It makes sense. If conspiracy theories emerge in between fears, the fifties were the ideal stage to incite a disruption of “normalcy.” But in the 1960s, conspiracy theories were able to actually thrive. “The seduction of conspiracy is the way it orders chaos,” according to Wallace-Wells (9), and the 1960s were nothing if not chaotic. In the 1950s, the usefulness of these theories was preventative—though some found their origins in ordinary people, most were championed by authorities, who wanted to maintain order before chaos could ensue. One example is Senator Joseph McCarthy’s anti-communist campaign, which largely fueled the paranoia of the Red Scare. In the 1960s, however, the usefulness of conspiracy theories was more reactionary and grassroots—it was ordinary people who wanted to make sense of the chaotic world around them, which was threatened by what they could now recognize as authoritarian systems. New cultural and countercultural influences including drugs provided a vehicle for this endeavor, as did conspiracy theories. For example, according to Sophia Smith Galer of the BBC, this “era of counter-culture mania, LSD and interest in Eastern philosophy is largely responsible for the [Illuminati’s] (totally unsubstantiated) modern incarnation. It all began somewhere amid the Summer of Love and the hippie phenomenon, when a small, printed text emerged: Principia Discordia” (11). Galer explains this as “a parody text for a parody faith—Discordianism—conjured up by enthusiastic anarchists and thinkers to bid its readers to worship Eris, goddess of chaos” (11). Galer cites David Bramwell, who claims that Kerry Thornley, co-author of the Principia Discordia, and Playboy magazine editor Robert Anton Wilson spread false stories about the Illuminati through Playboy because they thought “the world was becoming too authoritarian, too tight, too closed, too controlled” and “wanted to bring chaos back into society to shake things up” (11).
Predictably, the frenzied conspiracy theories about McCartney’s death found a segue from the counterculture and into the public sphere through an American university campus—colleges had become some of the most important nuclei for protests and social movements in the 1960s.
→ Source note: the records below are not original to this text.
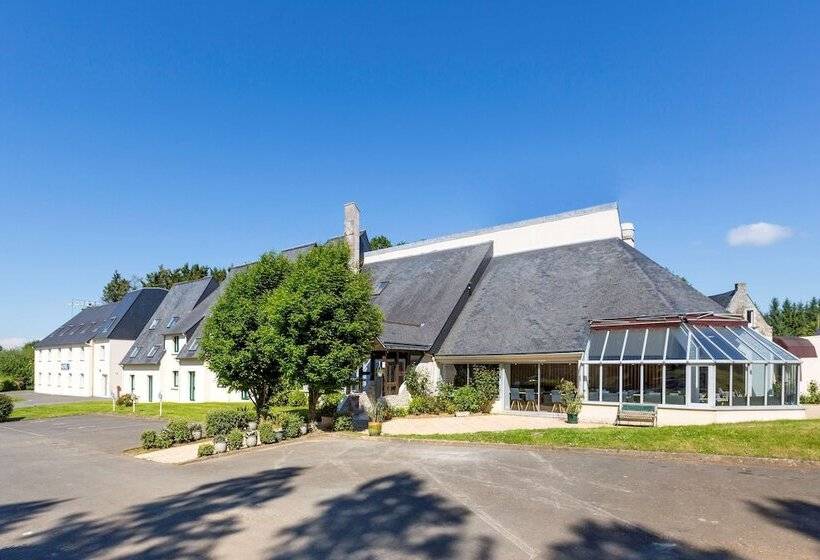 فندق Best Western  Armor Park Dinan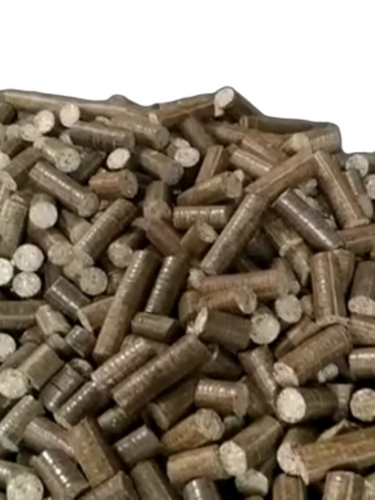 Biomass Briquettes - Ash Content (%): 5 To 10
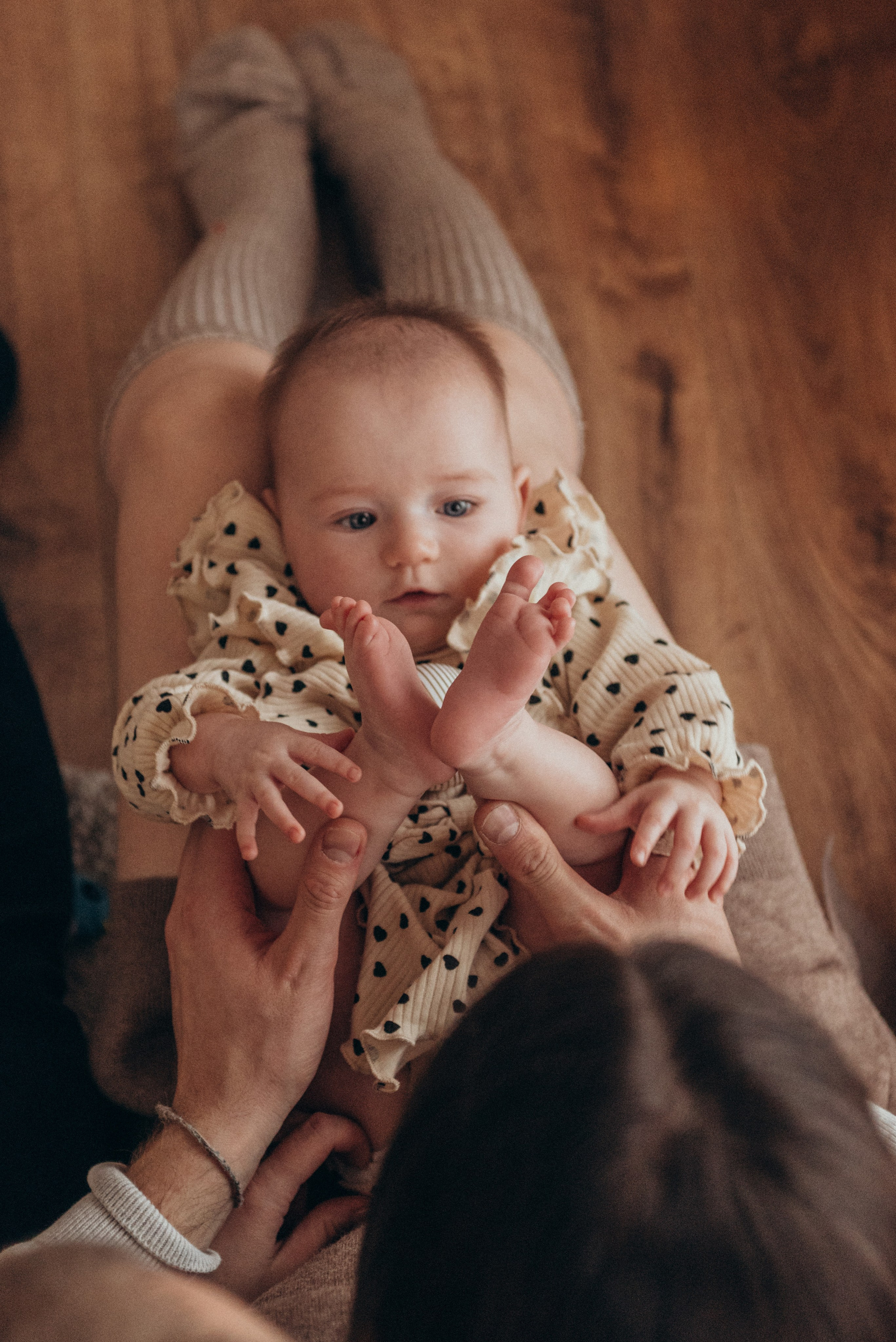 Семейные истории. Фотограф в Томске Мария Март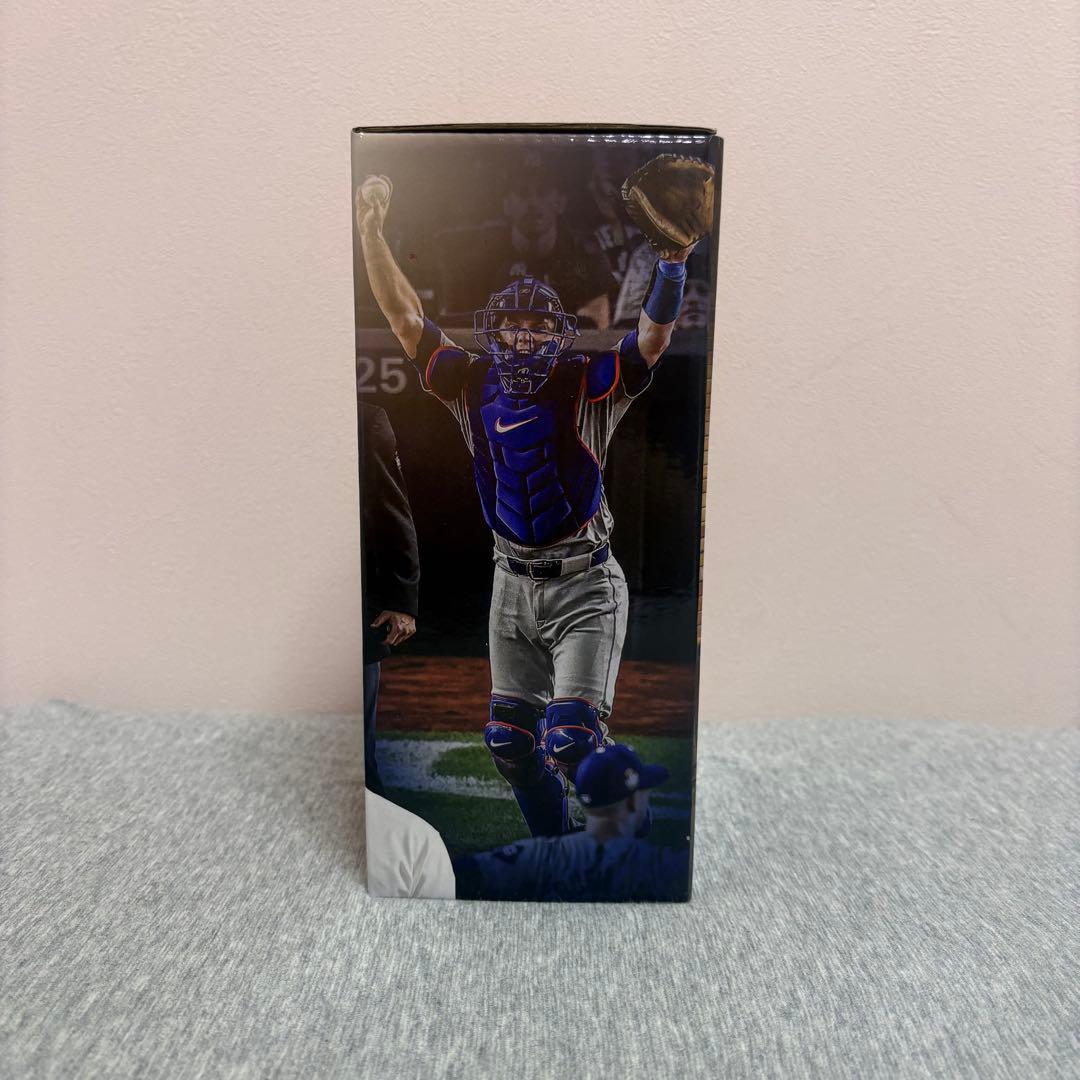 ロサンゼルス・ドジャース ウィル・スミス ボブルヘッドフィギュア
The first recorded mention of the rumor occurred on September 17, 1969—almost three years after Paul’s supposed death—in the Drake Times-Delphic, the student newspaper at Drake University in Des Moines, Iowa. An article penned by editor Tim Harper was titled “Is Beatle Paul McCartney Dead?” (12). From there, rumors spread through other U.S. universities, and were picked up by bigger radio stations and newspapers. In a later interview, Harper would say students had been discussing the topic as the academic year started because “a lot of us, because of Vietnam and the so-called Establishment, were ready, willing and able to believe just about any sort of conspiracy” (13). Almost a month later, on October 14, 1969, The Michigan Daily published a satirical review of “Abbey Road” by Fred LaBour—“McCartney Dead; New Evidence Brought to Light” (8). LaBour later admitted he had invented most of the clues, which centered around the songs and albums discussed above (14). Student broadcaster Vin Scelsa later explained that the rapid spread of this conspiracy theory was indicative of the countercultural influence of musicians such as Bob Dylan, the Beatles, and the Rolling Stones: Their songs “became a personal message, worthy of endless scrutiny … they were guidelines on how to live your life” (13). Christine Lahti, who in the fall of 1969 was a student at the University of Michigan, said the “Rorschach-like nature” of the clues could explain the rumor’s appeal (14). “It might also have had something to do with the mind-altering drugs that many people were involved with,” she added (14).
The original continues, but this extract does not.